It should be noted that profiling more than two epigenetic factors in a single ACT2 sample will produce a separate co-occupancy data set for each pairwise combination of factors. For example, the sample in which H3K4me3, H3K27ac, and H3K9me3 were all probed concurrently (Fig. 2A, right) provided three co-occupancy data sets: H3K4me3 + H3K27ac, H3K4me3 + H3K9me3, and H3K27ac + H3K9me3. We constructed metagene profiles for these co-occupancy data sets at highly expressed and at lowly expressed genes (Fig. 3E). At highly expressed genes, we observed that H3K4me3 and H3K27ac exhibited elevated average levels of co-occupancy at TSSs, whereas co-occupancy of either of these marks with H3K9me3 was present at much lower levels (Fig. 3E, left).
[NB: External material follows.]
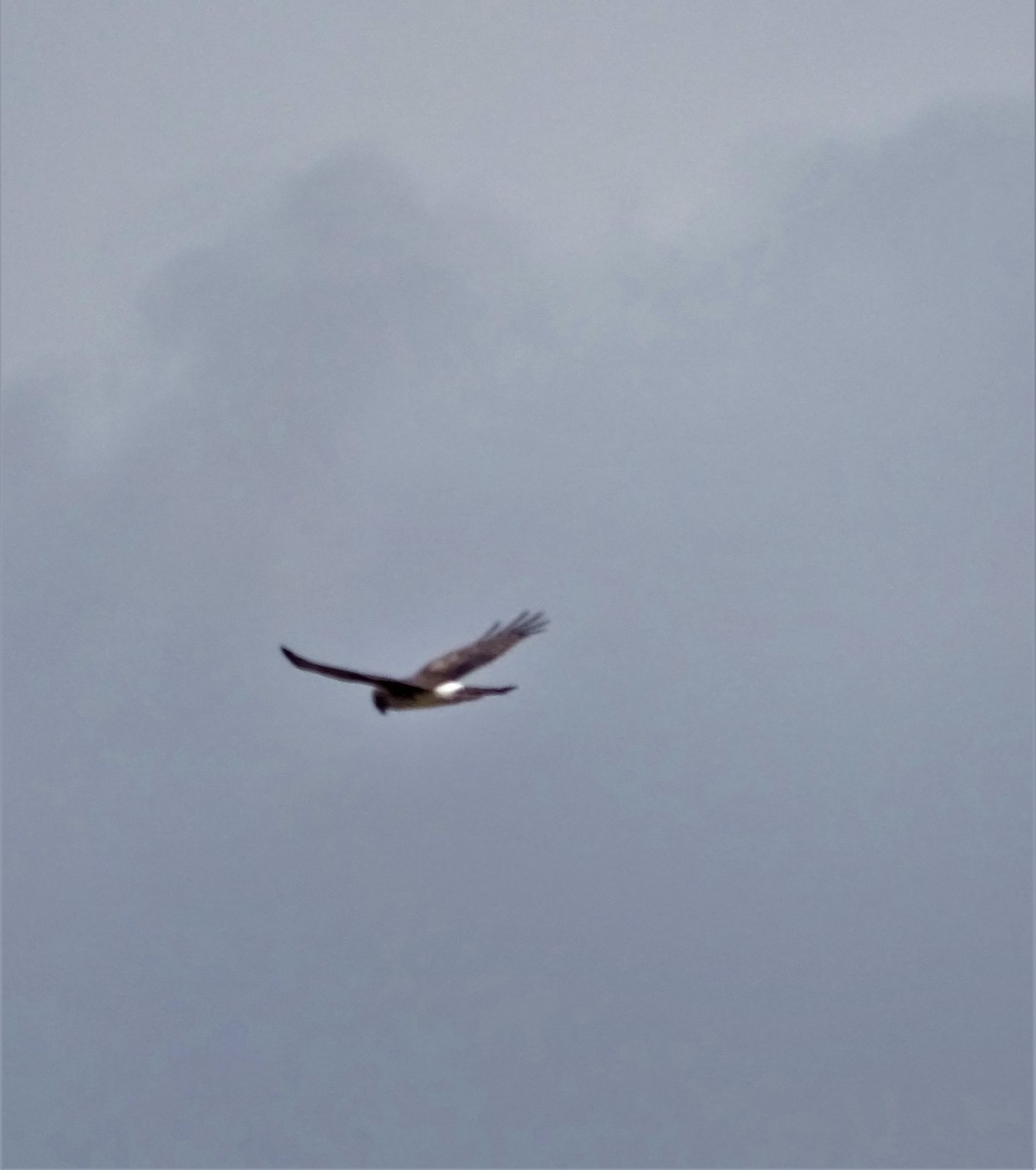 Northern Harrier - ML434005461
Interestingly, H3K27ac + H3K9me3 co-occupancy exhibited a distinguishable pattern from H3K4me3 + H3K9me3, suggesting the presence of different mechanisms of interaction between these pairs of epigenetic marks. In contrast, lowly expressed genes did not exhibit peaks of H3K4me3 + H3K27ac co-occupancy (Fig. 3E, right), consistent with our previous observation of expression-level-dependent distributions of these marks (Fig. 2B).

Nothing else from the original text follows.